12th Oct 2011
Wednesday // 7pm // 1 year ago
STEP UP TO WRITING- part one!
I NEED TO UNDERSTAND THIS: WHY IS ONE STRUCTURE OF WRITING TAUGHT IN FORMAL EDUCATION WHEN WE (STUDENTS) ARE EXPECTED TO BE ABLE TO WRITE FOR ALL DIFFERENT AUDIENCES (IN THE REAL WORLD)?
Step Up To Writing was actually a really dynamically interesting cirriculum program for me to dissect and explore. Honestly, I am not 100% sure how I feel about it though; whether I am all for the program or not. There are a lot of things I really agreed with and would really use in my own classroom, and then there is some stuff which I look at and want to delete it off my screen.
Some of the strategies that were being used in the program are some I want to implement in my own classroom. I love the idea of having children draw or write out their emotions next to something they read/write to show (and remember) how they felt.
**I just want my students to be able to express themselves; especially in writing. I understand that in science class there answer is either right or wrong because we are dealing with FACTS. But, that is not the case in writing, so why do we treat it like it is?
I just think that we (as teachers) and especially this program forget why we are having students write. This program is really all about structure. Even for planning to write a story there is even a format. When we tell a story to we have a format. Yes, we obviously speak in sequencial to what has occurred, but if there was a “STRUCTURED” format we HAD to follow everytime, the emotion and point of the story could and would get lost in the stucture.
I want to understand why we need outlines. Outlines are sturctured, quickwrites are not. We need to indent outlines and space things in wierd different ways, and honestly..Why is that necessary? Quickwrites get the real ideas out and isn’t that what we want?
WHAT IS THE PURPOSE OF SENTENCE STRUCTURE?
I feel like this Step Up to Writing idea is almost going backwards and having kids learn unnecessary things and procedures and structures to just not use it later. The perfect example is college. I learned sentence structure in all twelve years of my schooling before entering college. I was always told run-on sentences are not okay, and they need to be fixed. But now, I am in the real world and runaway sentences are seen as creative and I know they are creative. It makes my writing better, and it helps me to express myself. So now I question what I learned in my years of school and why would I want to feed that same (useless) information to my future students.
I feel like some teachers could use Step Up To Writing as a guide for their entire teaching. It tells you what to do before class and in class and additional ideas and there is just SO MUCH stucture.
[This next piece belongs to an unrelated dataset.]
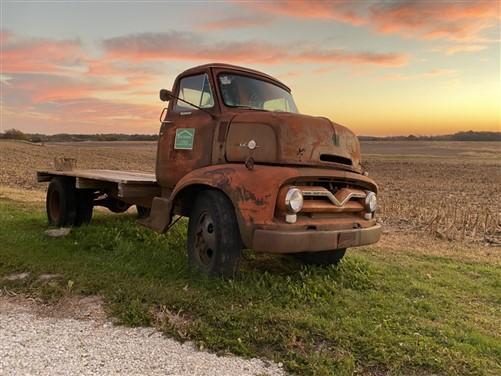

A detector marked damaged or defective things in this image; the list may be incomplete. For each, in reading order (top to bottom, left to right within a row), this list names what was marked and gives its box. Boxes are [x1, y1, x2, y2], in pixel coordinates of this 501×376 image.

rusty cab-over truck [37, 64, 380, 276]
corroded hood [225, 110, 362, 172]
rusted bumper [252, 225, 380, 254]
Let’s be creative and explore new ideas and teach our students what they need to grow and be the best versions of themselves.
I am struggling on figuring out how to encourage my students to grow, learn, be creative, and express themselves when I am the one in the classroom putting their ideas to a halt (because I have to follow a cirricculum that I don’t necessarily agree with).
I used to believe in giving students a foundation for writing, but as I think and explore more, I don’t know if ONE STANDARD foundation can be provided.